I should have temped it to check them before I chilled it so I missed that chance. Any idea what could have caused it to not be cooked all the way? Or do we think it was actualy fine? I won’t serve it in the interest of not getting my neighbors sick. Just not sure why the outside of the chicken drum would be warm but the inside near the bone isn’t.

How big were your drumsticks? The warmth takes time to penetrate. 3 hours is about enough time for the warmth to penetrate a little more than a 2" diameter lump of meat, but little more than that.

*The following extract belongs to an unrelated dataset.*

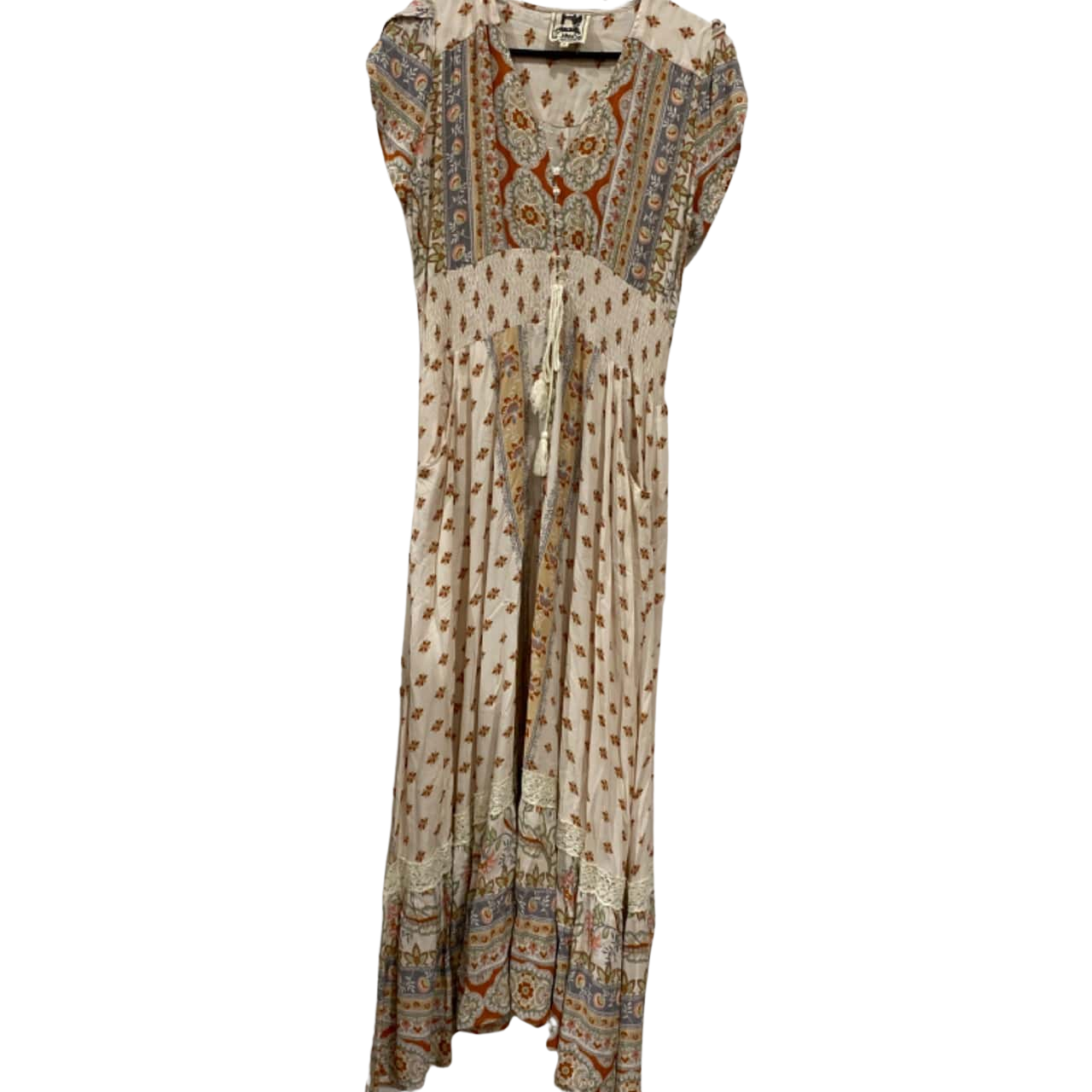 Jaase Womens Size XL Maxi Dress Beige / Grey / Orange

http://www.douglasbaldwin.com/sous-vide.html#Poultry_and_Eggs

Interesting. Serious Eats does 165 for 1 - 2 hours for thighs/drums so I figured 175 for 3 hours would be more than enough. Wonder about the discrepancy: https://www.seriouseats.com/2015/07/the-food-lab-complete-guide-to-sous-vide-chicken-thigh.html

I’ll definitely experiment some more with doing it for a 5 hours to see.

JJ, to be certain you might want to try to recreate your recent experience when you cook the next batch.

Package and seal one drumstick and pull it after 3 hours. Don’t chill, but decant and immediately take its internal temperature at the bone. You could also examine the interior to discover if you have the same uncooked appearance. If it meets your expectations, pull the remainder, or let them go to discover the result of a 5-hour cook.

Let temperature always be your guide to food safety.